» ABOUT THIS EXERCISE
Every line that holds the word "wearing" needs to be copied from the data below.

» Scraped caption text data
=== Section Start ===

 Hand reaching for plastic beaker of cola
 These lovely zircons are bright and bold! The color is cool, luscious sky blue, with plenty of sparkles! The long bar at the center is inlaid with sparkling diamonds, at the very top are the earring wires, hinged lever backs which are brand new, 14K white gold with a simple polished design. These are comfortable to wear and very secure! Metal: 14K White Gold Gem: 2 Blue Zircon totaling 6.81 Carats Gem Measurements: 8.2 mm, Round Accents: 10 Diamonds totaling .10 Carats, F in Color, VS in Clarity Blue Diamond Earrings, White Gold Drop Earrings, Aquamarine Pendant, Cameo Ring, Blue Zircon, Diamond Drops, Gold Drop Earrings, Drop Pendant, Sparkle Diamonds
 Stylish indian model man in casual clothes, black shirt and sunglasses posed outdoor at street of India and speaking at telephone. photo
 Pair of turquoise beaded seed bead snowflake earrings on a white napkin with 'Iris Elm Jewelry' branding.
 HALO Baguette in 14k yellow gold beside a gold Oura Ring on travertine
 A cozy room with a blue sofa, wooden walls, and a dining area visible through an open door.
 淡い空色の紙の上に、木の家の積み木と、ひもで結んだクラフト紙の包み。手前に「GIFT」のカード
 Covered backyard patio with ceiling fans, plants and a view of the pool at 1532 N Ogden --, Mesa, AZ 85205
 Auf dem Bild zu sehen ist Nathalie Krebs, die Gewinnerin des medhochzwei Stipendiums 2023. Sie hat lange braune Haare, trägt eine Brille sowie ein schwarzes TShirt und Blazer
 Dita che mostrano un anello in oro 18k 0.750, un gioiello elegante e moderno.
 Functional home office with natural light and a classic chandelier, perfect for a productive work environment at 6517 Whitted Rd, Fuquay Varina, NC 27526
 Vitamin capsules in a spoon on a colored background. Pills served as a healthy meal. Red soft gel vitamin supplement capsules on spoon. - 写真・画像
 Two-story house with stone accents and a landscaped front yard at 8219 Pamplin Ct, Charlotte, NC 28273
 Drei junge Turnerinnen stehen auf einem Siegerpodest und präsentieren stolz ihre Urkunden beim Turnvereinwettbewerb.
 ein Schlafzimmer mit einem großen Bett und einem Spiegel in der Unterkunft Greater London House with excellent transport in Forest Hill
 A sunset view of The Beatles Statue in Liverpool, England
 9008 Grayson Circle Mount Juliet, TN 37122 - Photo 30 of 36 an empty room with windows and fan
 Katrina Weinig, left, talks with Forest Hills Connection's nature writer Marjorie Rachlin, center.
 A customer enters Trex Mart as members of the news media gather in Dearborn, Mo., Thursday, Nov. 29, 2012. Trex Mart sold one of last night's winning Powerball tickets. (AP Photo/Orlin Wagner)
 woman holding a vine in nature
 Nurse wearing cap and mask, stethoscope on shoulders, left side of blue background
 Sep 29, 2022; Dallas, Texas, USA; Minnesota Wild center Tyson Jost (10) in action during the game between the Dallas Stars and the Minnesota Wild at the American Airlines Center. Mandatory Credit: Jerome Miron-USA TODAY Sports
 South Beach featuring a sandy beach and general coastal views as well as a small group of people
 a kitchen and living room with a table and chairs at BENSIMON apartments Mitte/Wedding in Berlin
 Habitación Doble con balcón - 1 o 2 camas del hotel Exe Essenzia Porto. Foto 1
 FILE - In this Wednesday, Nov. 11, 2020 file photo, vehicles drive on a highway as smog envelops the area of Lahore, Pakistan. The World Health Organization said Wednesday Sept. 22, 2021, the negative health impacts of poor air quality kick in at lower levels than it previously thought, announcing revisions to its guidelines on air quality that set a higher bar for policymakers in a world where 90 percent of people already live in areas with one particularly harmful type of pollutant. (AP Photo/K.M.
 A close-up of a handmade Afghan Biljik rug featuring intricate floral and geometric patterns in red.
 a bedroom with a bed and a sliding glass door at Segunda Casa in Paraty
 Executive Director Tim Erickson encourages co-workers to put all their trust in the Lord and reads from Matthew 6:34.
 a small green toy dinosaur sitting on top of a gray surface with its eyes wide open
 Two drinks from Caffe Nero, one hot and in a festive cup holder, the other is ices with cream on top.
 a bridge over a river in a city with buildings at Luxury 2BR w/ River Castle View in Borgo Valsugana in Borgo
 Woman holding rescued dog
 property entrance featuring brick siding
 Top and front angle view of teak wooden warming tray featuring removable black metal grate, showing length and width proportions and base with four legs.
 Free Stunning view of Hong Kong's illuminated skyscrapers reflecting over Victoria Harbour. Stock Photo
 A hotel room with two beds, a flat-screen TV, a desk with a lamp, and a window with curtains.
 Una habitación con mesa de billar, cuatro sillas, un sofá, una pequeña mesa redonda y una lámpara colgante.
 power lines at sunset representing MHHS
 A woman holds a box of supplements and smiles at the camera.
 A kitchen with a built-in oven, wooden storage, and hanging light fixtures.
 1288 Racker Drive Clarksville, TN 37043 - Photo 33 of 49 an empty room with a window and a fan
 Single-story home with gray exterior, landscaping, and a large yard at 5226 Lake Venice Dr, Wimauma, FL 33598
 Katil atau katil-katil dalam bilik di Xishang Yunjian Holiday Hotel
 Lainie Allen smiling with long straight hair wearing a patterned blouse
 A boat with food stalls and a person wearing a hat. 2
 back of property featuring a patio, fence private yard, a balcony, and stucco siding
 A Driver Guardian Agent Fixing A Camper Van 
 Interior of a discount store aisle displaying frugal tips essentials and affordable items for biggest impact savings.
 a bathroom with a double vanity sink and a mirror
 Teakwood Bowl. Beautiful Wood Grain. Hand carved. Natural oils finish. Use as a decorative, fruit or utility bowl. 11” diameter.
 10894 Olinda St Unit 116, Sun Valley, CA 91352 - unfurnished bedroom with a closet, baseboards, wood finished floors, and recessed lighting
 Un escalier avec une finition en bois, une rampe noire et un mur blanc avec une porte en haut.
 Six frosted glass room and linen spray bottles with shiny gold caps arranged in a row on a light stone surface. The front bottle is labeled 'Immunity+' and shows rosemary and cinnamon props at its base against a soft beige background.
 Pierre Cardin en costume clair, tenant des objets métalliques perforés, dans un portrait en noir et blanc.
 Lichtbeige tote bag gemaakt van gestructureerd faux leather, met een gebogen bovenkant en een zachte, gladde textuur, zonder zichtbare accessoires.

=== Section End ===

» EXERCISE ANSWER
 Nurse wearing cap and mask, stethoscope on shoulders, left side of blue background
 Lainie Allen smiling with long straight hair wearing a patterned blouse
 A boat with food stalls and a person wearing a hat. 2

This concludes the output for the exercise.